Maximum Causal Entropy Inverse Constrained Reinforcement Learning
This addresses the challenge of specifying implicit constraints for safe and aligned AI deployment in real-world settings, representing a novel method for a known bottleneck.
The paper tackles the problem of aligning AI agents with implicit constraints in human-interactive environments by proposing a method that uses maximum causal entropy to learn constraints and an optimal policy from demonstrations, achieving superior performance in reward and constraint violations across various tasks.
When deploying artificial agents in real-world environments where they interact with humans, it is crucial that their behavior is aligned with the values, social norms or other requirements of that environment. However, many environments have implicit constraints that are difficult to specify and transfer to a learning agent. To address this challenge, we propose a novel method that utilizes the principle of maximum causal entropy to learn constraints and an optimal policy that adheres to these constraints, using demonstrations of agents that abide by the constraints.

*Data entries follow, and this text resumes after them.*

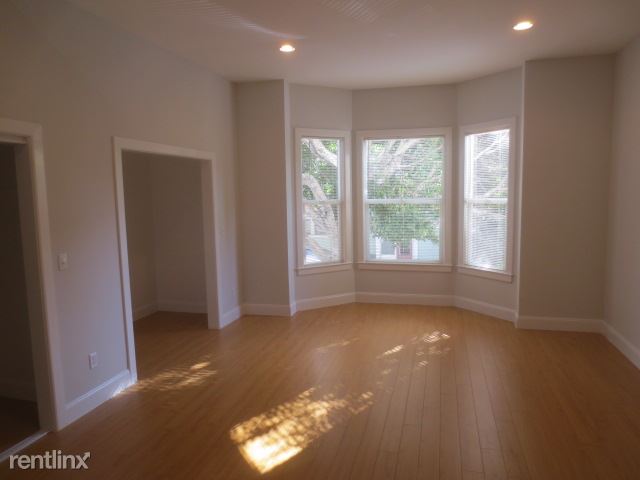 Primary Photo - 880 Oak St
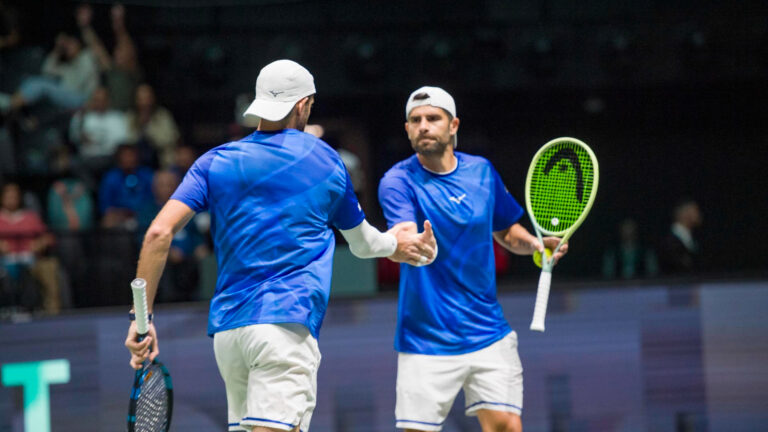 Vavassori y Bolelli acercan a Italia a la fase final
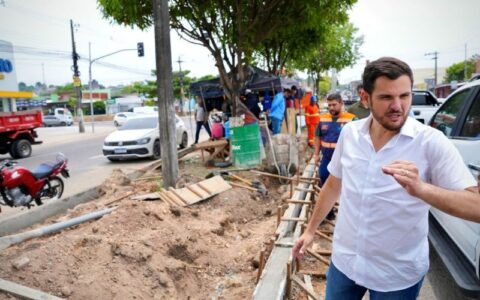 No Dia da Árvore, Renato Junior vistoria obra na avenida Margarita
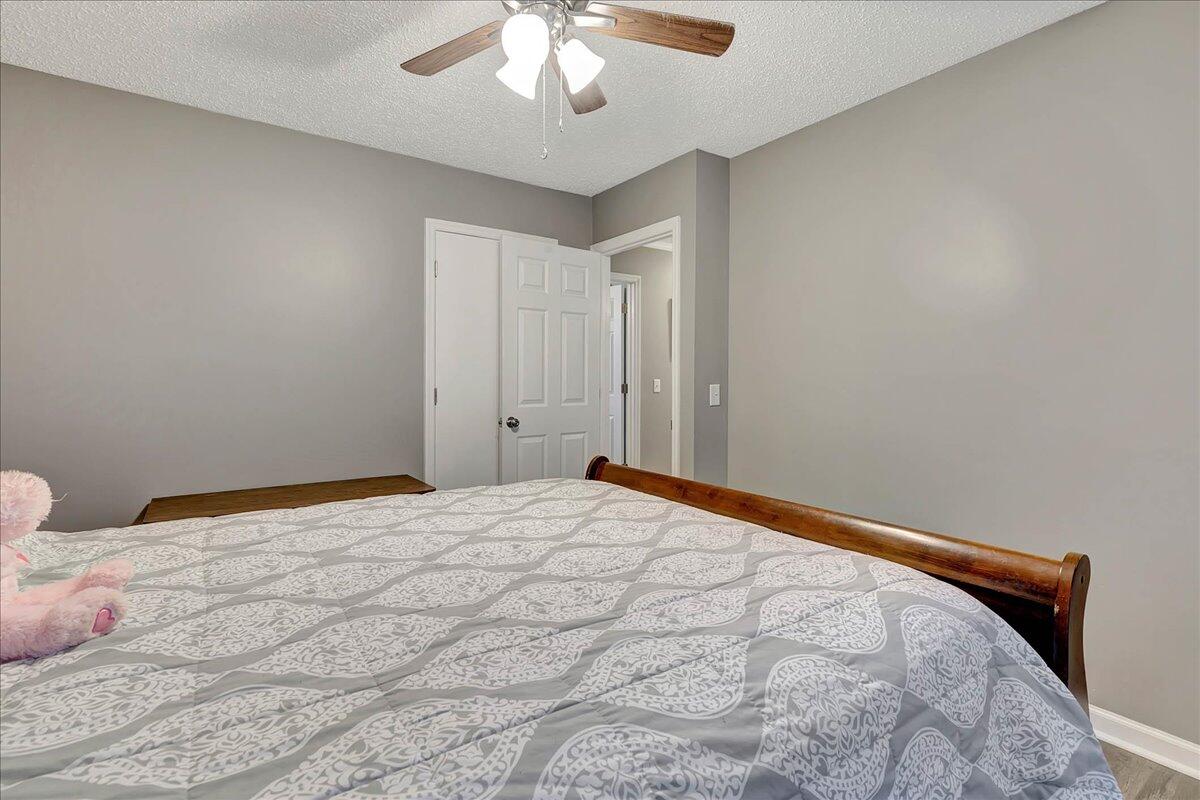 7105 Fine Lane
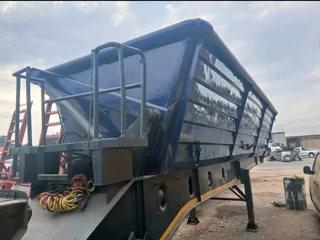 2017 LEADER Side-Tipper Links Trailer - Hook &amp; Go!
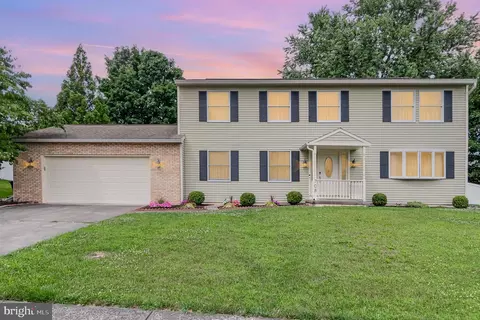 708 Alberta Ave, Mechanicsburg, PA 17050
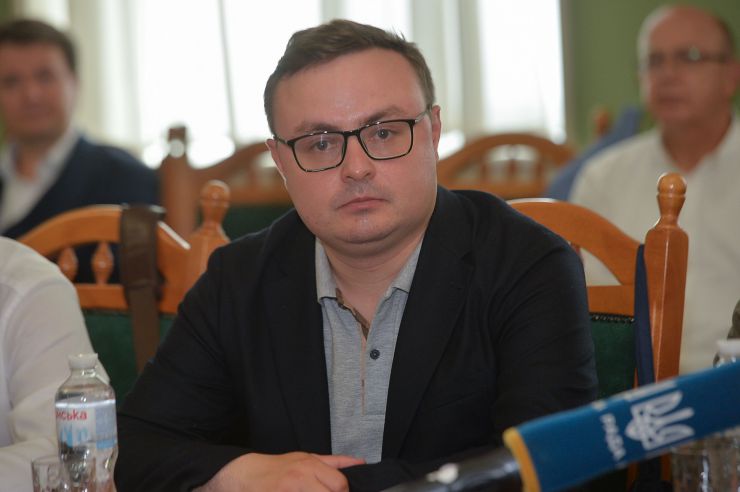 Перший заступник Голови Парламенту України Олександр Корнієнко взяв участь в засіданні експертного круглого столу «Саміт НАТО: підсумки Вільнюса — перспективи Вашингтона».
У заході взяли участь народні депутати України: члени Комітету з питань зовнішньої політики та міжпарламентського співробітництва — заступник Голови Комітету Олександр Копиленко, заступник Голови Комітету Арсеній Пушкаренко, секретар Комітету Андрій Шараськін, члени Комітету Ігор Кривошеєв та Ольга Руденко, а також Перший заступник Голови Комітету з питань інтеграції України до Європейського Союзу Вадим Галайчук.
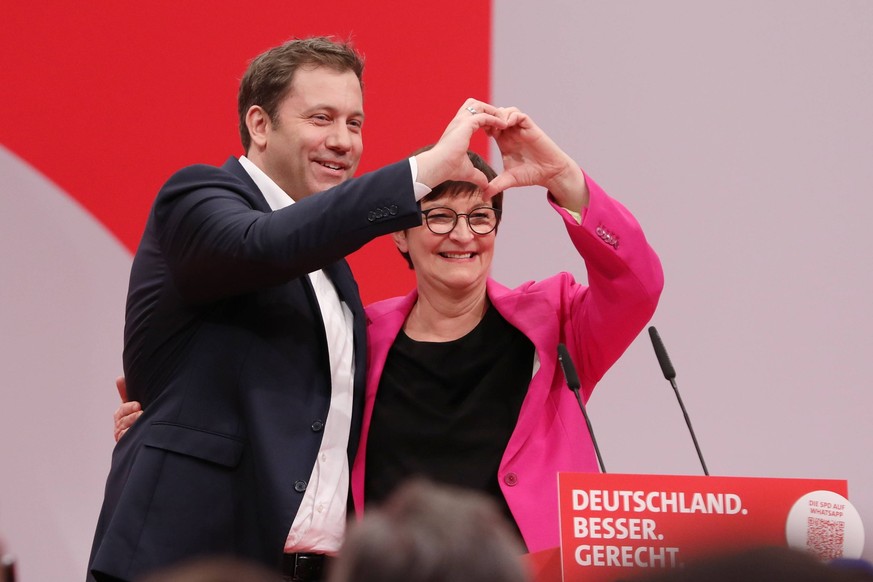 Berlin, Deutschland, 08.12.2023: Lars Klingbeil und Saskia Esken nach ihrer Wiederwahl als Parteivorsitzende auf dem SPD-Bundesparteitag *** Berlin, Germany, 08 12 2023 Lars Klingbeil and Saskia Esken ...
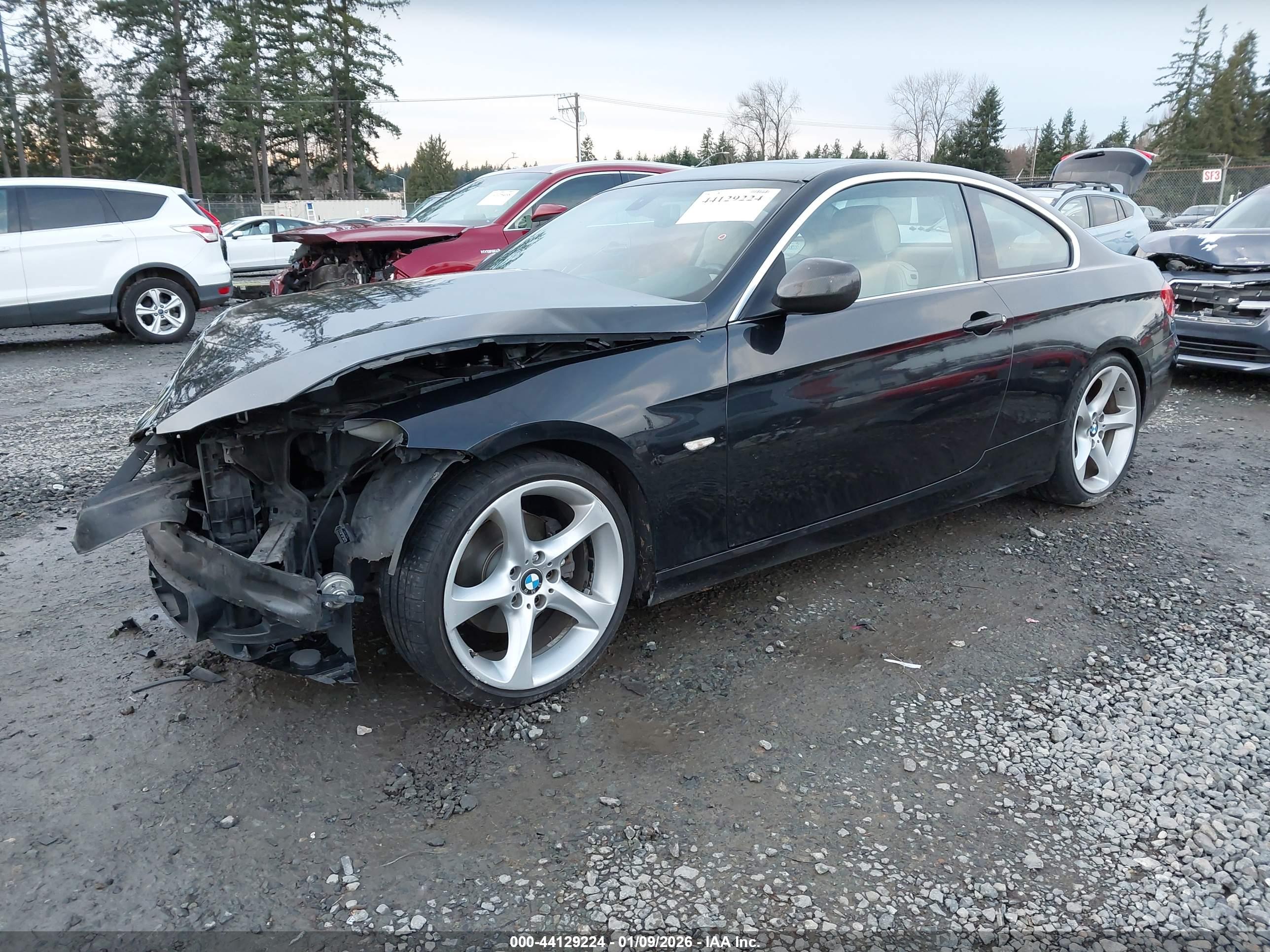BMW 328I image 2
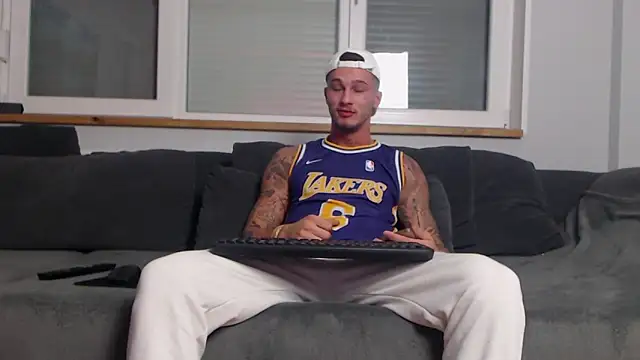 Zzedd online show from 6, 3, 2025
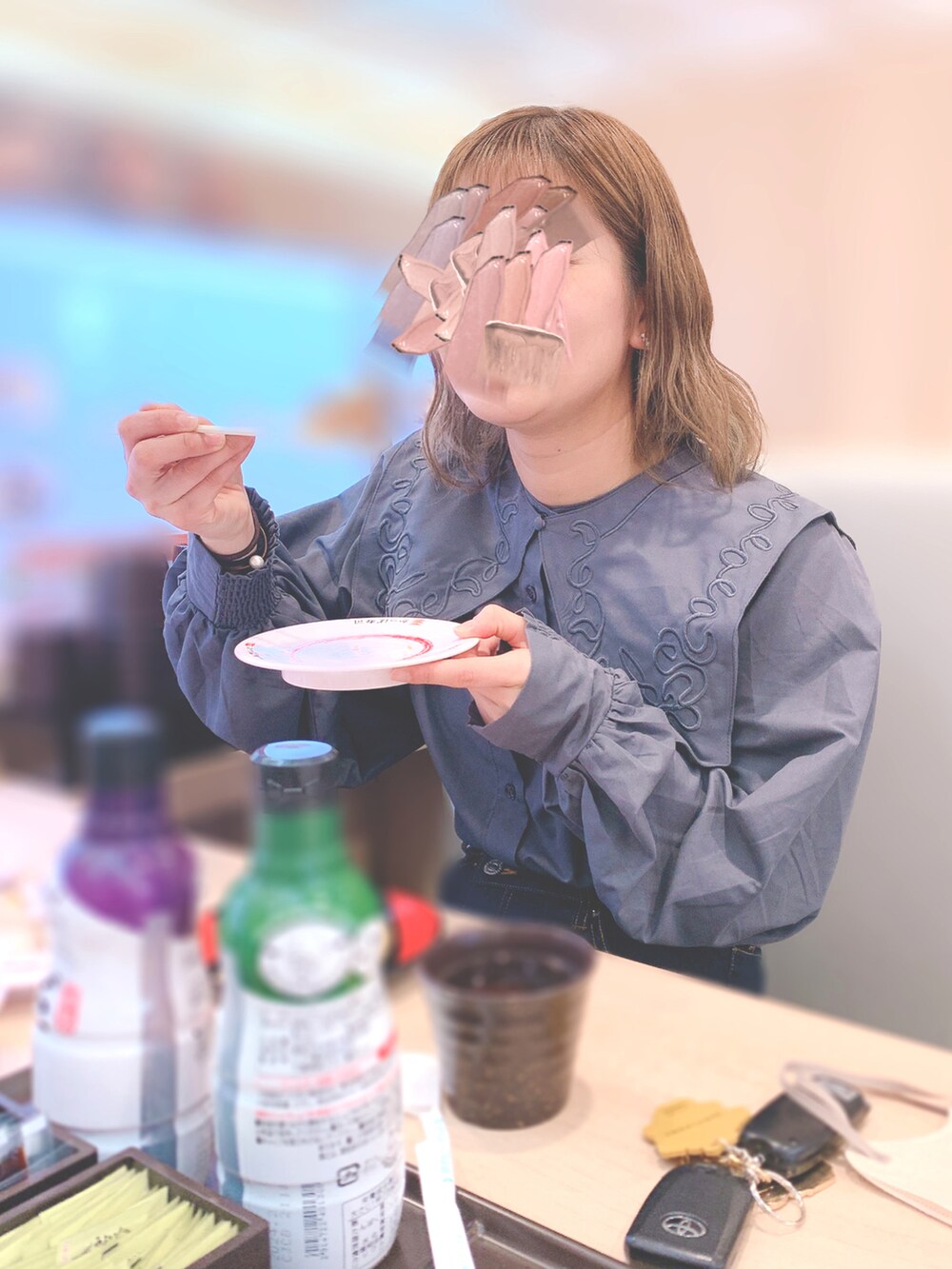 ブルー系のシャツ/ブラウス、ホワイト系のカーディガン/ボレロを着用したレディースの秋コーディネートの2枚目の写真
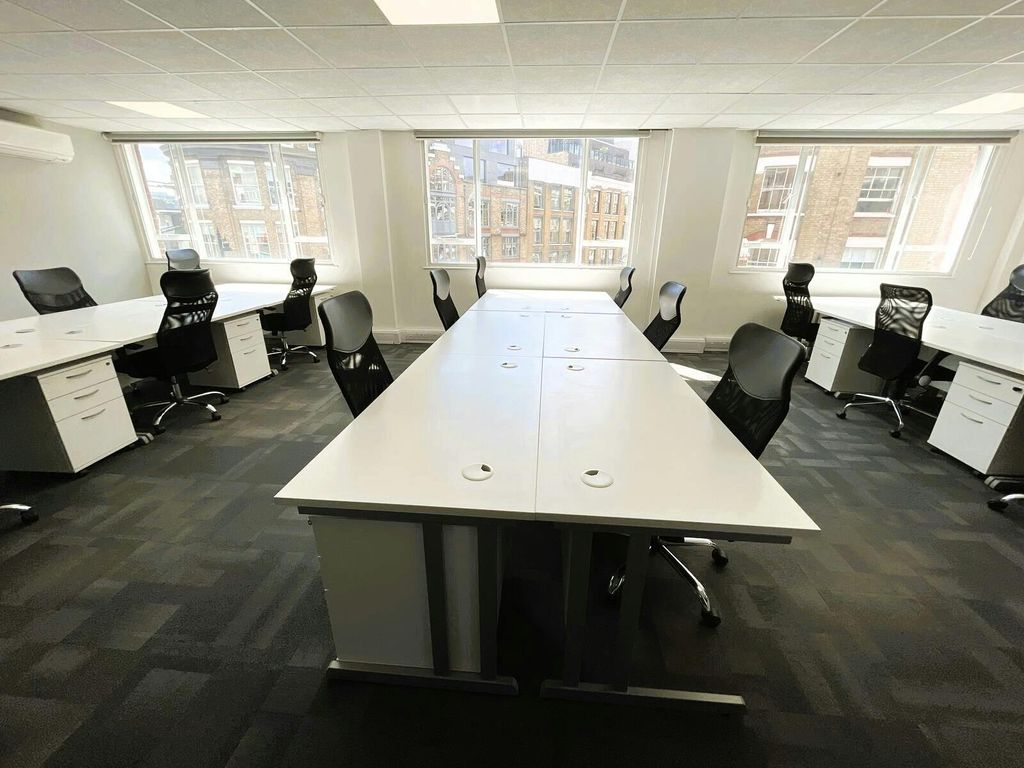 Property photo 3 of 14 Suite 31 64 Great Eastern Street London Ec2A 3Qr  Internal 2.Jpeg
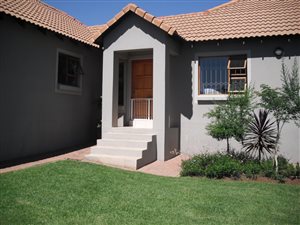 4 Bed House in Emerald Estate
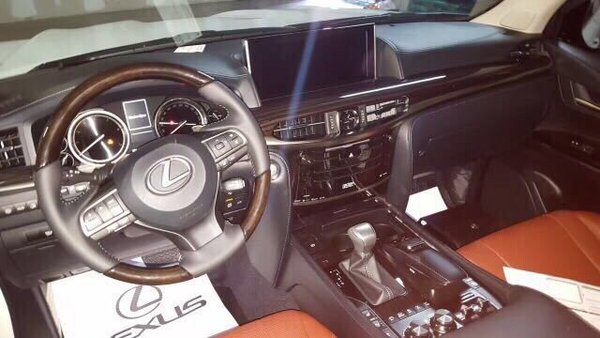 17款雷克萨斯LX570 八座顶配港口独惠价-图6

We prove convergence in a tabular setting and provide an approximation which scales to complex environments. We evaluate the effectiveness of the learned policy by assessing the reward received and the number of constraint violations, and we evaluate the learned cost function based on its transferability to other agents. Our method has been shown to outperform state-of-the-art approaches across a variety of tasks and environments, and it is able to handle problems with stochastic dynamics and a continuous state-action space.